> Work to complete
Among the lines below, output only those between the line holding "Garnet necklace - leaf" and the line holding "Wool Yarn Bow", inclusive, exactly as written and with no pictures.

> Exercise materials

● ● ● ● ● ● ●

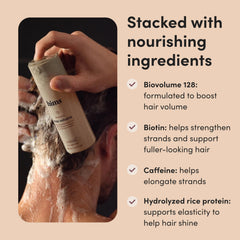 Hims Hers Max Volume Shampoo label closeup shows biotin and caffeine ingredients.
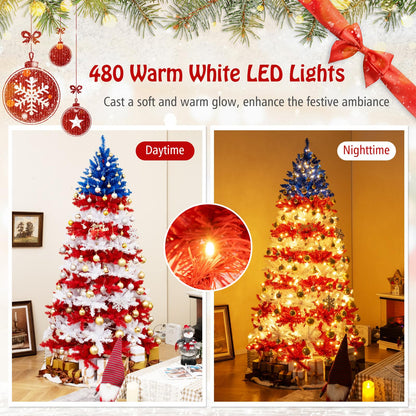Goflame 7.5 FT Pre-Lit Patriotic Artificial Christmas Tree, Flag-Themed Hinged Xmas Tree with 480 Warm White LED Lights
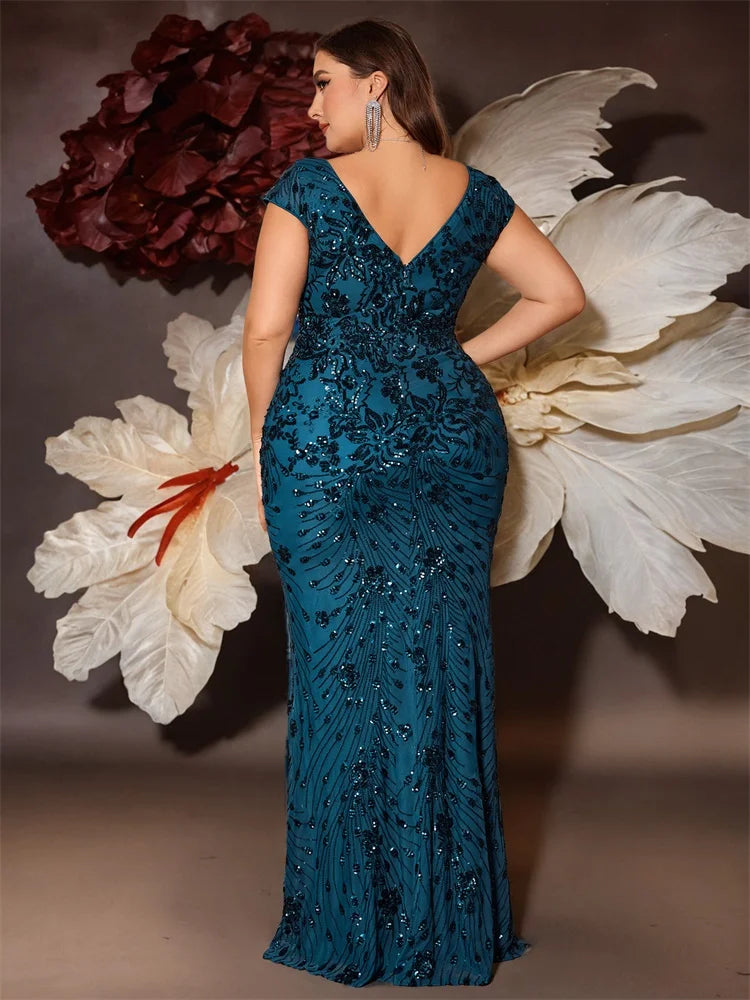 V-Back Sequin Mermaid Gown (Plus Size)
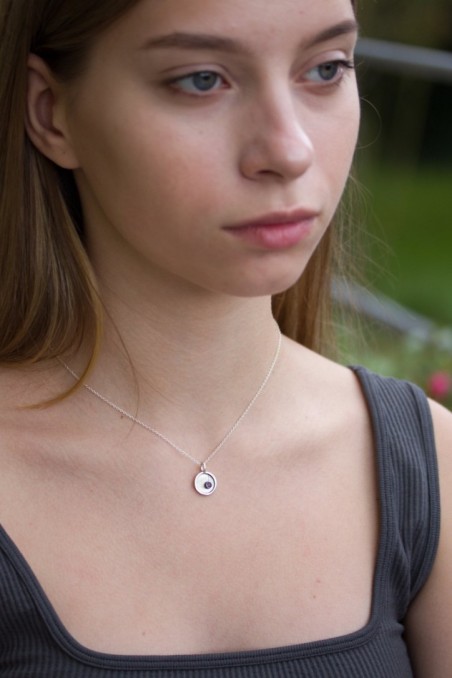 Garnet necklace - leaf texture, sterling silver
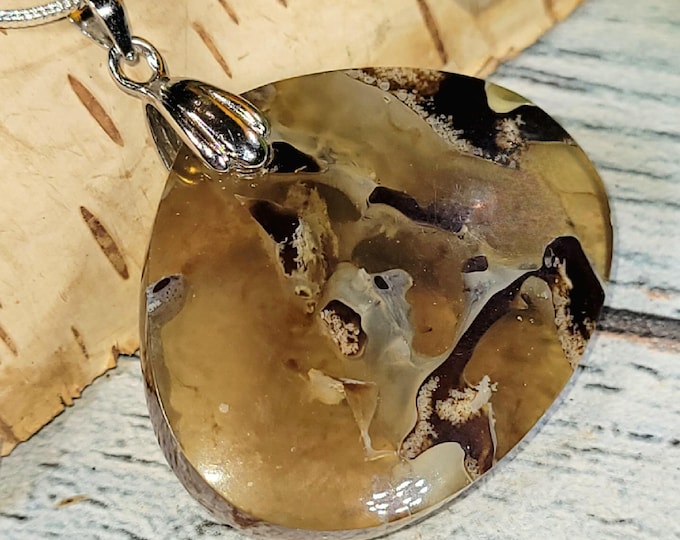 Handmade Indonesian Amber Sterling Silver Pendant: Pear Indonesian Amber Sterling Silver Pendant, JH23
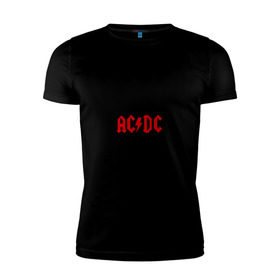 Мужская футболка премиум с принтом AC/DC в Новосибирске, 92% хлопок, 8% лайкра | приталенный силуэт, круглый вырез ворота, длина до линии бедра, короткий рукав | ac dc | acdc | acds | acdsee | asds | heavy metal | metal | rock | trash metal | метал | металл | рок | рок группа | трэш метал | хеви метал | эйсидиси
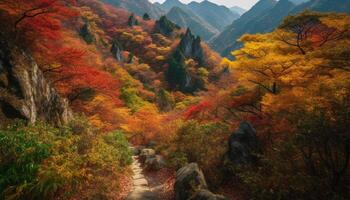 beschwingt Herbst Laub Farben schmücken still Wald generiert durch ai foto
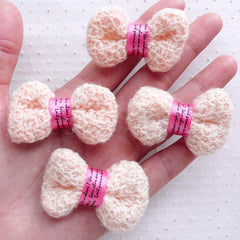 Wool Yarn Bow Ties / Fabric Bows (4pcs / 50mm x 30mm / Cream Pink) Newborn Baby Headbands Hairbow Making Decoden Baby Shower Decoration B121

● ● ● ● ● ● ●

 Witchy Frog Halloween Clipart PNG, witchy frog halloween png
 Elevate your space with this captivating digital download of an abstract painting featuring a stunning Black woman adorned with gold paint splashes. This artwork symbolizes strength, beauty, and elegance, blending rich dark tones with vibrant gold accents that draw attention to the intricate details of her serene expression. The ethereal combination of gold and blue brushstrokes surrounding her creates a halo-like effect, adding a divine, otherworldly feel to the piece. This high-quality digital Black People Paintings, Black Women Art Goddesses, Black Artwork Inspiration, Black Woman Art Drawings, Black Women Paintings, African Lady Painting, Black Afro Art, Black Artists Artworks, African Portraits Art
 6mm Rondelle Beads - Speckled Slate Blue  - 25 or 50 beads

● ● ● ● ● ● ●

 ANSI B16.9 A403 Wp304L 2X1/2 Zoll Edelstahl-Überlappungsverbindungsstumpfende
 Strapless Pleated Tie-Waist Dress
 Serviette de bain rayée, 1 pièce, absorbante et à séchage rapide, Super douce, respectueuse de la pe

● ● ● ● ● ● ●

> Completed task
 Garnet necklace - leaf texture, sterling silver
 Handmade Indonesian Amber Sterling Silver Pendant: Pear Indonesian Amber Sterling Silver Pendant, JH23
 Мужская футболка премиум с принтом AC/DC в Новосибирске, 92% хлопок, 8% лайкра | приталенный силуэт, круглый вырез ворота, длина до линии бедра, короткий рукав | ac dc | acdc | acds | acdsee | asds | heavy metal | metal | rock | trash metal | метал | металл | рок | рок группа | трэш метал | хеви метал | эйсидиси
 beschwingt Herbst Laub Farben schmücken still Wald generiert durch ai foto
 Wool Yarn Bow Ties / Fabric Bows (4pcs / 50mm x 30mm / Cream Pink) Newborn Baby Headbands Hairbow Making Decoden Baby Shower Decoration B121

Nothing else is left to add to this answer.